Maslow Entertainment
- Type: Private
- Industry: Films
- Founded: 21 November 2020; 5 years ago
- Founder: Marc Wooldridge
- Headquarters: Sydney, New South Wales, Australia
- Key people: Marc Wooldridge (CEO and managing director)
- Products: The Pout Pout Fish; Kangaroo Island; Life Could Be a Dream;
- Parent: Maslow Holdings
- Website: Official website

= Maslow Entertainment =

Australian film distribution and production company

Maslow Entertainment is an Australian film distribution and production development company based in Sydney, founded in 2020 by Marc Wooldridge.

==History==
Maslow Holdings, along with Maslow Entertainment, was founded in late 2020 by Marc Wooldridge, who had previously worked for 20th Century Fox International in various marketing and distribution roles. He was managing director of the Australasian cinema division for ten years.

The company was named after psychologist Abraham Maslow, whose theory of self-actualisation relates to Wooldridge's aims to enable creatives to reach their full potential both creatively and commercially. After the downturn caused by the COVID-19 pandemic, he hoped to be part of the revival of cinema in Australia.

==Description==
Maslow Entertainment, which is also referred to simply as Maslow, is a film distribution and development company based in Sydney, New South Wales. Its main focus is distribution of new releases, particularly independent films, in Australian and New Zealand cinemas and on VOD. Up to 80 per cent of its releases are Australian films, which Wooldridge has called "emotionally and intellectually fulfilling".

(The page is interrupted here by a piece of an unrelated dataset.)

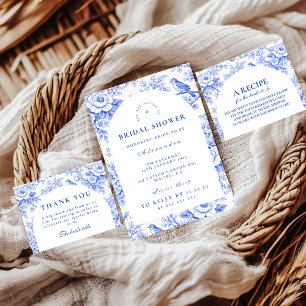 Carte De Remerciements Fête de mariage élégante avec toile bleue florale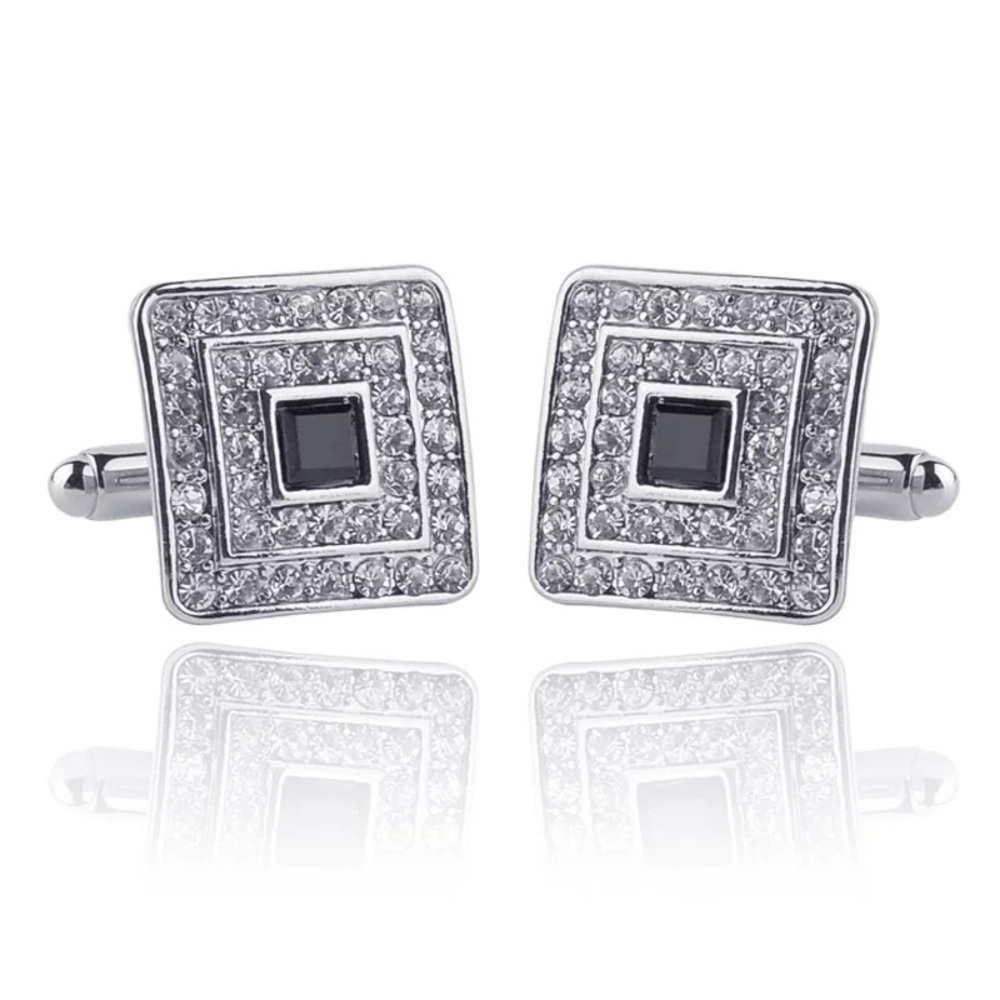Square Cufflinks with Black & Silver Crystals - Picture 11 of 16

Its production development arm is focused on early engagement with Australian filmmakers, and provides feedback on pitch and script feedback, as well as marketing advice and financial analysis. Maslow also provides consultancy services to investors and agencies.

As of June 2026, founder Marc Wooldridge is managing director.

===Industry activities===
Maslow Entertainment is a host company in the Matched Market Meetings section of the SPA Connect event held by Screen Producers Australia in April 2026 on the Gold Coast.

==Notable releases==
By 2026, Maslow had released 40 films, including the 2022 hit horror film Talk to Me, the AACTA Award-winning political thriller The Correspondent, and the 2026 animated feature The Pout Pout Fish. It released the Australian family drama Kangaroo Island in 2025, and the 2026 drama Life Could Be a Dream.